Now that is gratitude.
OK, fine. Not everyone has that kind of dramatic experience. But you get my point.
I am thankful for hitting rock bottom, numerous times, for I would not be where I am today. I am especially thankful I hit rock bottom in a desperate search for love, for it taught me what love truly means.
I have kept a gratitude journal for over 13 years. The last few years it’s been a digital journal. I took a trip down memory lane by accessing my digital gratitude journal recently and was not surprised to find days were I had difficulty, a lot of difficulty, finding anything to be grateful for. One entry was simply “I am grateful for the socks on my feet.” No one ever said gratitude had to be big. So I get being thankful & grasping for the nearest, dearest, & easiest good stuff.
And then I came across this entry “I am thankful for the pain, for one day I will be able to greatly appreciate being without it.”

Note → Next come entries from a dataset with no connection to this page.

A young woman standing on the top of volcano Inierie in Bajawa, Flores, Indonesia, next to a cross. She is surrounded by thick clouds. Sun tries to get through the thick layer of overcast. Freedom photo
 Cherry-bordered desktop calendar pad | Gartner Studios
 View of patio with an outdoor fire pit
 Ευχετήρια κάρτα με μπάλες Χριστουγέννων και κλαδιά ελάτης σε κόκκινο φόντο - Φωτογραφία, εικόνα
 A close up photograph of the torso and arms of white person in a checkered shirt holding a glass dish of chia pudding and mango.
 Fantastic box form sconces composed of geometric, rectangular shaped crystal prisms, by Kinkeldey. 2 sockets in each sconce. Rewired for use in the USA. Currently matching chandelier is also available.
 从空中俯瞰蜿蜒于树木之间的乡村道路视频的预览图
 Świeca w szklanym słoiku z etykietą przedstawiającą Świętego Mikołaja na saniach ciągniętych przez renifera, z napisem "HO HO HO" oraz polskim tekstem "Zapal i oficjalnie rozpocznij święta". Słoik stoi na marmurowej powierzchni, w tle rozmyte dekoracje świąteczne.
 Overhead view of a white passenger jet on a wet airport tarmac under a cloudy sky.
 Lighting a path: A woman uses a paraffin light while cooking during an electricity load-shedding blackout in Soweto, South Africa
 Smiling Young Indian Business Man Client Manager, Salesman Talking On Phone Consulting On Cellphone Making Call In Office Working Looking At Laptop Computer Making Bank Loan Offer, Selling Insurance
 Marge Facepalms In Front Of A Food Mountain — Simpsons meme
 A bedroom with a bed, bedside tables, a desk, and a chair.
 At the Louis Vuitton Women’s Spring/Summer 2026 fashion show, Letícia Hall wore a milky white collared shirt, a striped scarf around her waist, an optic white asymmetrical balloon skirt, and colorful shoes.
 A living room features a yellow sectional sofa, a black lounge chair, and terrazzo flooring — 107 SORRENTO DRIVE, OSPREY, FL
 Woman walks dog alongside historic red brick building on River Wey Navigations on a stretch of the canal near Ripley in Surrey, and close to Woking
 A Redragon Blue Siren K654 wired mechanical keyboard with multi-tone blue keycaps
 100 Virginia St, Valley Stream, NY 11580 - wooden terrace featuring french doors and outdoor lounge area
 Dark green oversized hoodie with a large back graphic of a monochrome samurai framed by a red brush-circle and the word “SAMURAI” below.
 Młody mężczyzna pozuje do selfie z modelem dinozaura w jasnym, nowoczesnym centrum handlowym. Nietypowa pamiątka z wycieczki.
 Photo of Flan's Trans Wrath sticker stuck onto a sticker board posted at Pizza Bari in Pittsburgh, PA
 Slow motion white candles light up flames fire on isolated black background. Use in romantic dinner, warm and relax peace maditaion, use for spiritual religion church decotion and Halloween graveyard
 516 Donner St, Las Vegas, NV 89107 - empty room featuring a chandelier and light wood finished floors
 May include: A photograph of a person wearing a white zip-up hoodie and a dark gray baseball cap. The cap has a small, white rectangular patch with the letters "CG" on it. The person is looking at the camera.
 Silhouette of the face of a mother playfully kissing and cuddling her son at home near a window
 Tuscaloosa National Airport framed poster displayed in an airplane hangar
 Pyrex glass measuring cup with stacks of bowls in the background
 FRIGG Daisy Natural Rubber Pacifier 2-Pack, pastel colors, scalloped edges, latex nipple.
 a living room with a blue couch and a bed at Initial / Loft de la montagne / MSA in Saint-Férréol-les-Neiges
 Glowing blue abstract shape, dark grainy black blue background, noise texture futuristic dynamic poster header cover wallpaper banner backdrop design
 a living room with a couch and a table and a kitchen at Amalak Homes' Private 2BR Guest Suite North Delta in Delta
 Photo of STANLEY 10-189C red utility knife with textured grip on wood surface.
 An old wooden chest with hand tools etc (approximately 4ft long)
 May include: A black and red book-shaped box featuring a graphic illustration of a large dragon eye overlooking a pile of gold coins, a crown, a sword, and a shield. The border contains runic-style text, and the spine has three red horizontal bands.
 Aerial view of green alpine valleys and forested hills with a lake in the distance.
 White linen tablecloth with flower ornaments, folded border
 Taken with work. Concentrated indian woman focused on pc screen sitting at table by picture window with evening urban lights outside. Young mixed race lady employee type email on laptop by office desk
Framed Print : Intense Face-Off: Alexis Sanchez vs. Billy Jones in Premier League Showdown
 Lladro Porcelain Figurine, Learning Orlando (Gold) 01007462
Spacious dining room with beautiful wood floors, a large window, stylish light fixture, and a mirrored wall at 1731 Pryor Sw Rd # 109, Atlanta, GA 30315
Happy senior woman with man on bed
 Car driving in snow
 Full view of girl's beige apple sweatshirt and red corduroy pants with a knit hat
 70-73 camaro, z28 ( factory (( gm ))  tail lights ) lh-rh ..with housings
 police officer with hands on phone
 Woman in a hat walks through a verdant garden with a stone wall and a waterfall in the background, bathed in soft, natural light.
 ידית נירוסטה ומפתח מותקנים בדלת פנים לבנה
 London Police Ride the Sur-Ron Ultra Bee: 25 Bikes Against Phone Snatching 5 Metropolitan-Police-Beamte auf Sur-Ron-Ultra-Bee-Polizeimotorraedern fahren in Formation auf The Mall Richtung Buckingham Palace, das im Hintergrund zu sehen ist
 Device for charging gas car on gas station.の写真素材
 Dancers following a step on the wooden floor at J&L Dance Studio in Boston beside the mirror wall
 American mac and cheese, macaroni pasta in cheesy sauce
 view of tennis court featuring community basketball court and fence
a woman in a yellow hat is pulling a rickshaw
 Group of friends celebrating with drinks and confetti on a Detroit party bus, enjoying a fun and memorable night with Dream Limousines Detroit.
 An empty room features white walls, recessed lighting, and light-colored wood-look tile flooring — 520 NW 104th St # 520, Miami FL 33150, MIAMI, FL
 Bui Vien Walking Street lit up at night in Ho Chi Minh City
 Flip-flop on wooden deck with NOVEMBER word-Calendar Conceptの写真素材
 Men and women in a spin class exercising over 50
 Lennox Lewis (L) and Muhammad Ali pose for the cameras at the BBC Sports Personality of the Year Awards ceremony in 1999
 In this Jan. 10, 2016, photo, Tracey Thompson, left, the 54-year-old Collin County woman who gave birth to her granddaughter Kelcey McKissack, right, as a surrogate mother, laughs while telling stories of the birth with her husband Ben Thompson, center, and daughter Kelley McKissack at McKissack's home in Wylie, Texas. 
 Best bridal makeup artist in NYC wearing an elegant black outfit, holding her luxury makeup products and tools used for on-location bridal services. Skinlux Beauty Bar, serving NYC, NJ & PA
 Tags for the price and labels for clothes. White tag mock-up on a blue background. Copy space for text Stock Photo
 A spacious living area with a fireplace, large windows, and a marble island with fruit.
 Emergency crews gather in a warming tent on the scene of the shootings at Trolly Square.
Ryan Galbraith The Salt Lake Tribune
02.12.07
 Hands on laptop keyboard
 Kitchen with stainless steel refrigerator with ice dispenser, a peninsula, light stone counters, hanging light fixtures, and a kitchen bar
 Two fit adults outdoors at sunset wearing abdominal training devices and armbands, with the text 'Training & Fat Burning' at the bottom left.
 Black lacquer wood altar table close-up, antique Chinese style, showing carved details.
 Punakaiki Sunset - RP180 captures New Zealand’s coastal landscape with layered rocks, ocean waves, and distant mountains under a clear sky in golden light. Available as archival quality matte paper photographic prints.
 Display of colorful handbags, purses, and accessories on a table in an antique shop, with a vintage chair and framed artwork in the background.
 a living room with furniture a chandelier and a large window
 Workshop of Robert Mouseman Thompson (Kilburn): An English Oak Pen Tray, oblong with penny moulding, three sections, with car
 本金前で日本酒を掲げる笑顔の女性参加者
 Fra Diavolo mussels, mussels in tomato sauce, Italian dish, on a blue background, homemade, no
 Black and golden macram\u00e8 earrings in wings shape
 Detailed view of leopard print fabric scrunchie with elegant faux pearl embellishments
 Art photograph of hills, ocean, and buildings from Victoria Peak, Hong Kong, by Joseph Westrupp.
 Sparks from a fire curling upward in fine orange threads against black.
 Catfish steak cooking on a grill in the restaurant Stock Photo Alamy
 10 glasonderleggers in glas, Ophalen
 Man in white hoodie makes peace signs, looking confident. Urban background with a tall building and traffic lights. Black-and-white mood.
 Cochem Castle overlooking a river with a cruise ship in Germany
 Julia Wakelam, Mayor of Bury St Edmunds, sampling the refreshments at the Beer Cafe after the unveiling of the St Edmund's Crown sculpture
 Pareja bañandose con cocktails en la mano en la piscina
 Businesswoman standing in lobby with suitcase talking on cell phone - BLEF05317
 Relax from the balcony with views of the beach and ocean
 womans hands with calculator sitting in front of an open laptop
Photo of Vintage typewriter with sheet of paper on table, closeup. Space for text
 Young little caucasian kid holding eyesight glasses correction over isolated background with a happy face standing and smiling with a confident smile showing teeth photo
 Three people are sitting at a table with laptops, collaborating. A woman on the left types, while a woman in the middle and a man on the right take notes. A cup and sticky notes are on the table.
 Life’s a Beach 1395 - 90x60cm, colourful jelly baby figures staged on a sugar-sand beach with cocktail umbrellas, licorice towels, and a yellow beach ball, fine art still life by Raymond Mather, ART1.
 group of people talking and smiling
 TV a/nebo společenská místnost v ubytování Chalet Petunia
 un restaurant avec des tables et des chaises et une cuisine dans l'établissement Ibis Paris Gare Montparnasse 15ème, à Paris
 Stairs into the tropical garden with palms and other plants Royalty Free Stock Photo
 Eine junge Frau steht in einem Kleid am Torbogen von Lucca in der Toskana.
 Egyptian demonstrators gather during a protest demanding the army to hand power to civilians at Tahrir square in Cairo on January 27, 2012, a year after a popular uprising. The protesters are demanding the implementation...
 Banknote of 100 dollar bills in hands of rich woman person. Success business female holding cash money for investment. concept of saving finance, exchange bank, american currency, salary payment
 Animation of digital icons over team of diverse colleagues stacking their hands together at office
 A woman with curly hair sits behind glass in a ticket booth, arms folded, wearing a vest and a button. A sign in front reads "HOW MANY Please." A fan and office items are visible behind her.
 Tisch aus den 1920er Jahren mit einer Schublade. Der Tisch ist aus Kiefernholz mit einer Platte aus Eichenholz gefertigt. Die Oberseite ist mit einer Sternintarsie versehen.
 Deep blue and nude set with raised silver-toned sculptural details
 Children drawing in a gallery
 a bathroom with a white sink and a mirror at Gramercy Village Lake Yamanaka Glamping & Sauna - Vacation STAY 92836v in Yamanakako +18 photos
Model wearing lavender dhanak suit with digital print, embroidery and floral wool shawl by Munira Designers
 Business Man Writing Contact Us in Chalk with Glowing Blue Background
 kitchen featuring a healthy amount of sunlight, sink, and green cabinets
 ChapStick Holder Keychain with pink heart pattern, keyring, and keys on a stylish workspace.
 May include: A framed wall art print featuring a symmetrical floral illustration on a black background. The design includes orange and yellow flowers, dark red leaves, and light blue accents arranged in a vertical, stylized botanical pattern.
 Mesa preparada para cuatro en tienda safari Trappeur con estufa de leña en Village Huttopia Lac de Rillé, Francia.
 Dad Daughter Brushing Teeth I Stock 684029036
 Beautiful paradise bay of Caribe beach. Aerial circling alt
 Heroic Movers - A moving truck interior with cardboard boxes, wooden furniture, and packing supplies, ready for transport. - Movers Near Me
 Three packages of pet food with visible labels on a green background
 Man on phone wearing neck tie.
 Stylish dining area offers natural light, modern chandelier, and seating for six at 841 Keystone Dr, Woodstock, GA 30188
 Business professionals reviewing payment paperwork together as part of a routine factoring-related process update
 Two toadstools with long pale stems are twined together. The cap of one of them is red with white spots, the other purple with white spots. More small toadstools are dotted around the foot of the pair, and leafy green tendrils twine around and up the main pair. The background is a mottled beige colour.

That above entry was from several years ago, but I realized then that I’ve kind of always been an advocate of the not-so-pretty gratitude – Meaning gratitude isn’t only for the good stuff. Hence this post being born. The true challenge is being grateful while looking at your problems head-on.
I recently wrote a post about Trusting the Journey and when I came across this little quote I had an “a-ha” moment.
One can not Trust the Journey without Trusting the Struggle.
I am thankful for the struggle. It’s the struggle that kept me going on my journey. And it’s this precise journey that brought me here today that I am so grateful for. It wasn’t easy and there was pain and my heart was broken but I am grateful for every single step I had taken.
And while I am immensely grateful for all the people who are in my life that I choose to have in my life – I am also grateful for all the people I didn’t & don’t particularly choose to have in my life.
I am grateful for all the wrong choices that brought me to all the right places.
I am thankful for new beginnings and second (and third and fourth and fifth) chances.
I am thankful to myself for being me and for trusting my voice.
And today and everyday I am thankful for my family, my friends, their loyalty, and the men who I’ve loved who have come & gone & come again. I am thankful for books, coffee, wine, & sparkling water. I am thankful for European Cafe’s. I am thankful for science, facts & logic. I am thankful for hangovers for it reminds to stop binge drinking, and last but not least I am thankful for my health, uhm, even though there are occasional binge parties thrown in.